La otra isla. Francisco Suniaga.
“Siempre pido
permiso, velando por los intereses de la ciencia, para medir los cráneos de los
que parten hacia allá”, me dijo. “¿Y también cuando vuelven?”, pregunté. “Nunca
los vuelvo a ver”, comentó. “Además, los cambios se producen en el interior,
sabe usted”.
El corazón de las tinieblas. Joseph
Conrad.
domingo, 14 de octubre de 2012
Todo sigue igual
Hay que pensar los correos que
escribimos a esos poquísimos amigos como ensayos de lo que ha de venir. Escribir como decir para convencerse, para
adecuarse a una realidad que de nuevo no se corresponde con lo planeado.
Escribirles, decirles a ellos lo que la golpeada esperanza no nos permite
reconocer en voz alta. Entonces uno va y les habla: tampoco aquí se está bien, la
maestría tendrá que esperar y, en cambio, vendrá un nuevo trabajo porque tanto
desempleo ya raya en el absurdo, y claro, será otro de esos muy feos, de esos
que sólo parece permitir este país: de audífonos y atención al cliente y mire
qué amable soy y cuánto disfruta usted al hablar con esta chica de acento
extraño porque los caribeños somos amables, no crea, algunos quedamos. Y
mientras uno escribe esos correos dominicales siente que todo no es más que un
eterno anuncio de caída; se ve como a un otro, un buen personaje a medio
terminar, no muy vistoso ni muy jodido, pero justo lo suficiente para
entristecerse y reírse al rato de tanto despropósito y sinsentido. Los amigos,
esos poquitísimos, estarán ya acostumbrados a estos regresos míos de batallas
que ni siquiera empezaron, por eso no les doy demasiados detalles, por eso a
uno le digo “Mirá, el mes pasado me invitaron a colaborar en el blog de Los
hermanos Chang, escribiré eso en un post-it y lo pegaré en la nevera para
cuando me invada la certeza de que este fue un año perdido”. Y se dice perdido
como se dice de mierda, para no jorobar con eufemismos, que tampoco se me dan.
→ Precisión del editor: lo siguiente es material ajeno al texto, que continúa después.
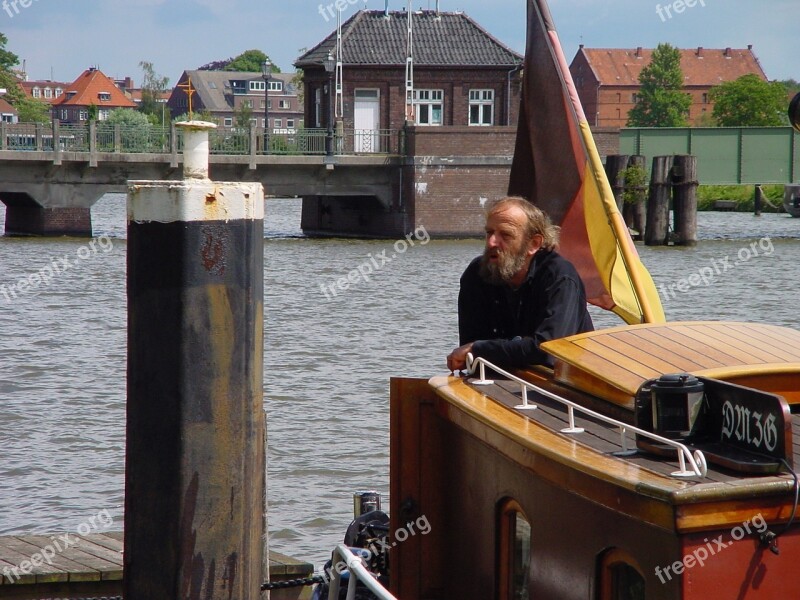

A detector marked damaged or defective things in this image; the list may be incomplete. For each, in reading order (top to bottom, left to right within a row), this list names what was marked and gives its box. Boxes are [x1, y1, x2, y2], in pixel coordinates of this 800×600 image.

Y quedan esos consuelos chiquitos: deletrear los barrancos, decir que escribí
unos cuentos, que leí muchísimo y bebí más. Vamos, que en vez de sentarme a
llorar ahora me da por reír: soy todo menos un buen ejemplo.
viernes, 5 de octubre de 2012
Hasta cuándo Topacio ciega.
- Mis niveles de ansiedad me impiden escribir de
manera hilada y coherente. Enumerar es una actividad más acorde con este
estado fragmentado de conciencia.
-
Escribir es sumar ansiedades.
-
De la campaña electoral me quedará un cáncer de
pulmón y gordura.
- Durante los últimos días, para rematar, sólo he
podido leer infaustas fotocopias universitarias. No leer ficción me convierte
en una persona muy gris.
- La Academia necesita dejar de citar a Marx por
un buen rato. Otra fotocopia que mencione la superestructura y me da un derrame
cerebral. Ni hablar del sistema-mundo y otras chorradas de autoayuda para
sudacas.
- Algunos familiares chavistas no dudan en
publicar cosas vergonzosas en Facebook.
- Nada me asusta más que la xenofobia, el clasismo
y el nacionalismo caduco que ostentan tantos venezolanos.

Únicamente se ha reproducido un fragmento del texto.